What is being asked =>
Search the entries for the word "Supplies". Copy every line where it turns up.

-------------------------

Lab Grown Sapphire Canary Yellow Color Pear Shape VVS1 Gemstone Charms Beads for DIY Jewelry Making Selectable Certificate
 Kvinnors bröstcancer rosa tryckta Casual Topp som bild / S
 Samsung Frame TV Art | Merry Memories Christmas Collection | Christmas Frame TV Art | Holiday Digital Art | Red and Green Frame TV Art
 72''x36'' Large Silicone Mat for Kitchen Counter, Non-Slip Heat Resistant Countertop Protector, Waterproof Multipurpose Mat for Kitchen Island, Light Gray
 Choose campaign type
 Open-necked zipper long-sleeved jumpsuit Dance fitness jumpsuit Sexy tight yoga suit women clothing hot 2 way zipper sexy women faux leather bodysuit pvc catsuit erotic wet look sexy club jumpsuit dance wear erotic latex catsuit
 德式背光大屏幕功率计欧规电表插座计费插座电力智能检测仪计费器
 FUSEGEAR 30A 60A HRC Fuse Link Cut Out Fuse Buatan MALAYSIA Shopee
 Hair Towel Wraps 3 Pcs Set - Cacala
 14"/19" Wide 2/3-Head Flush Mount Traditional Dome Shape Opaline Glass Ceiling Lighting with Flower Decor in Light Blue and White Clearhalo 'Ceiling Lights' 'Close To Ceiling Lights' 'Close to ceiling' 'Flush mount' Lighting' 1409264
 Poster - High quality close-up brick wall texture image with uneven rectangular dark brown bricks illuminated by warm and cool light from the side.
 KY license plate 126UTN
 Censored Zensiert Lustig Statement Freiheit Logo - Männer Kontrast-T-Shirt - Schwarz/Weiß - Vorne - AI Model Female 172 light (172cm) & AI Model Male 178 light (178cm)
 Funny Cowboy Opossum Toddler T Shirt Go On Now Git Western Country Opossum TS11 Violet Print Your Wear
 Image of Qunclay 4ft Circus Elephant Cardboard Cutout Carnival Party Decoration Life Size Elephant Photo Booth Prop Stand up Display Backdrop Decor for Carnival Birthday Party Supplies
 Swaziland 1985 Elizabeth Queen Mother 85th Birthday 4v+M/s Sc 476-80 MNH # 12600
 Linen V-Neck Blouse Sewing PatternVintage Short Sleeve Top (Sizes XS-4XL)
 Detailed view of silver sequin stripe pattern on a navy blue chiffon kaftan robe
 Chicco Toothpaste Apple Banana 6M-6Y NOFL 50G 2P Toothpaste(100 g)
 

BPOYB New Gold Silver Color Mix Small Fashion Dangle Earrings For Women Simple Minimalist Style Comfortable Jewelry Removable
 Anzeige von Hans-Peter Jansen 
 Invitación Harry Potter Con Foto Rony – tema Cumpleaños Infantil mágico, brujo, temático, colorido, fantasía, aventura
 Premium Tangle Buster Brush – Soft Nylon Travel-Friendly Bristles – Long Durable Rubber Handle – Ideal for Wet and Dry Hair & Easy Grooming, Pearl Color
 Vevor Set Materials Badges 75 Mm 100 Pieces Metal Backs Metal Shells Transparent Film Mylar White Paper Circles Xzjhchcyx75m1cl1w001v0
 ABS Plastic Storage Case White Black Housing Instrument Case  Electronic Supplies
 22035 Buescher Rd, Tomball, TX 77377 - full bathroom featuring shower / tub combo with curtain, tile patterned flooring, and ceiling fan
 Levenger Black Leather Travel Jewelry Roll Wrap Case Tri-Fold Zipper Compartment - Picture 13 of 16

-------------------------

Worked solution =>
 Image of Qunclay 4ft Circus Elephant Cardboard Cutout Carnival Party Decoration Life Size Elephant Photo Booth Prop Stand up Display Backdrop Decor for Carnival Birthday Party Supplies
 ABS Plastic Storage Case White Black Housing Instrument Case  Electronic Supplies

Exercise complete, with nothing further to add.